# Real Impact Of Inflation

Our project is to uncover the difference between the reported and actual urban inflation. We will be using the CPI data, from the Bureau of Labor Statistics, with and without food and energy costs to answer this question. Additionally, we will also be analyzing the differences in inflation between the various US regions, compared to the national average, over time.

## The Data
@TODO: Insert description of the BLS data

In [65]:
# Importing dependencies
import numpy as np
import pandas as pd
import plotly.express as px
import panel as pn
import hvplot.pandas
import geoviews as gv
import cartopy.crs as ccrs
from pathlib import Path
import datetime

### Reading/Pre-Processing the Data

In [66]:
# List of non-regional csv titles
non_regional_csv_titles = ['All','Energy','Food','Gasoline', 'Less-Food-Energy']
# List of regional csv titles
regional_csv_titles = ['Midwest', 'Northeast', 'South', 'West']

In [67]:
class Df_Processor:
    # Constructor
    def __init__(self,titles,is_regional=False):
        # Save titles
        self.titles = titles
        # Save is_regional
        self.is_regional = is_regional
        
        # Set empty list for processed DataFrames
        self.processed_dataframes = []
        
        # Run dataframe processing method
        self.process_dfs()

    # Method to get dataframes
    def get_dfs(self):
        # Empty list to hold DataFrames
        dataframes = []
        
        # Looping over csv titles list
        for title in self.titles:
            # Columns to drop
            columns_to_drop = ['HALF1','HALF2']
            
            # If the regional set is 
            if self.is_regional:
                # Add the Annual column
                columns_to_drop.append('Annual')

            # Saving the csv (by title) as DataFrame, making Year the index column and dropping the HALF1 and HALF2 columns
            df = pd.read_csv(Path(f'./Data/{title}.csv')).drop(columns=columns_to_drop).melt(id_vars=['Year'], var_name='Month', value_name='Price')

            # Appending dataframe to dataframes list
            dataframes.append(df)
        
        # Returning all dataframes
        return dataframes

    # Method to data pre-process dataframes
    def process_dfs(self):
        # Dictionary of months and thier numeric values
        months = {'Jan':1,'Feb':2,'Mar':3,'Apr':4,'May':5,'Jun':6,'Jul':7,'Aug':8,'Sep':9,'Oct':10,'Nov':11,'Dec':12}
        # Get and loop over DataFrames
        for df in self.get_dfs():
            # Creating Day column and setting values to 1
            df['Day']=1
            # Mapping month from string to int
            df['Month'] = df['Month'].map(months)

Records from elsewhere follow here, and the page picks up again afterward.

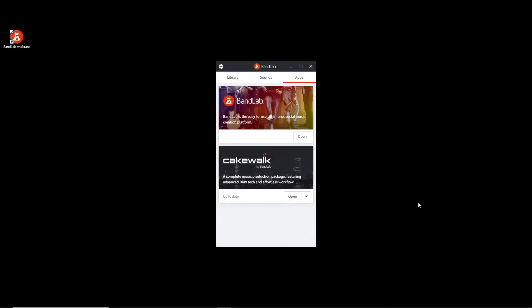Hi everybody, welcome back. This is a music production series for absolute beginners, and I am a beginner too. We are using BandLab in this starting section — it's free. I messed up my last video intro, so this time I tried again with horror-style music. Let's see what we can find. I already saw there are some options, and I'll show you in a moment.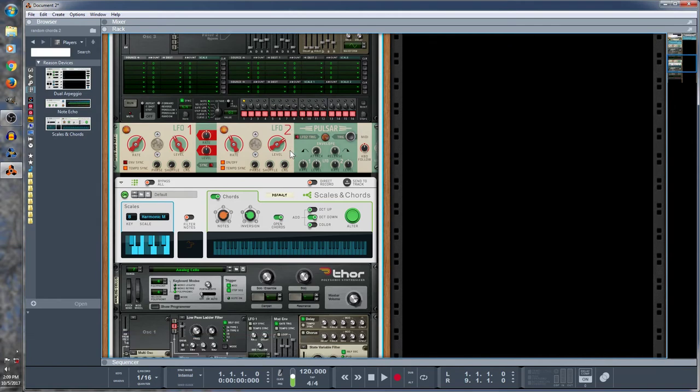And so every eight bars it'll pick a new key, and every four bars it'll pick a new scale.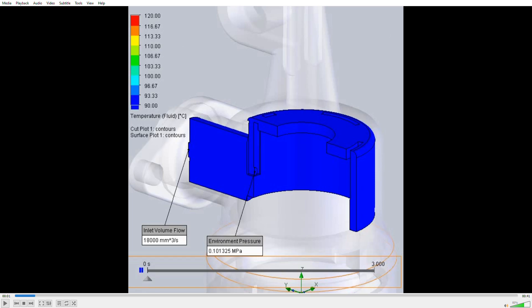Hey La Pavone people, John Hauck here. Just want to show you a few fluid simulations that I ran on the La Pavone group heads. This one here is our generation 3 group head. The water area here is the area outside of the plastic sleeve.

            # Creating date column
            df['Date']=pd.to_datetime(dict(year=df.Year, month=df.Month, day=df.Day))
            # Sorting Date values
            df = df.sort_values('Date')
            # Making index Date
            df.index = df['Date']

            # Dropping Year, Month, Day, Date columns
            df = df.drop(columns=['Year','Month','Day','Date'])
            # Dropping NaN values
            df = df.dropna()

            # Adding dataframe to processed_dataframes list
            self.processed_dataframes.append(df)
    
    # Method to return the processed dataframes
    def get_processed_dataframes(self):
        # Return the processed dataframes
        return self.processed_dataframes


In [68]:
# Getting and storing non-regional DataFrames
non_regional_dfs = [all_df, energy_df, food_df, gasoline_df, less_food_energy_df] = Df_Processor(non_regional_csv_titles).get_processed_dataframes()
# Getting and storing regional DataFrames
regional_dfs = [midwest_df, northeast_df, south_df, west_df] = Df_Processor(regional_csv_titles,True).get_processed_dataframes()

In [69]:
# Method to display dataframes and titles
def display_data(df,titles):
    # Looping over csv titles and indexes
    for index, title in enumerate(titles):
        # Printing CSV Title and DataFrame Name
        df_title = 'less_food_energy_df' if title == 'Less-Food-Energy' else title.lower()
        print(f'\033[1mCSV Title\033[0m: {title}.csv\n\033[1mDataFrame Name\033[0m: {df_title}_df')
        # Displaying DataFrame
        display(df[index])
        # Printing new line
        print('\n')

In [70]:
# Printing non-regional data
display_data(non_regional_dfs,non_regional_csv_titles)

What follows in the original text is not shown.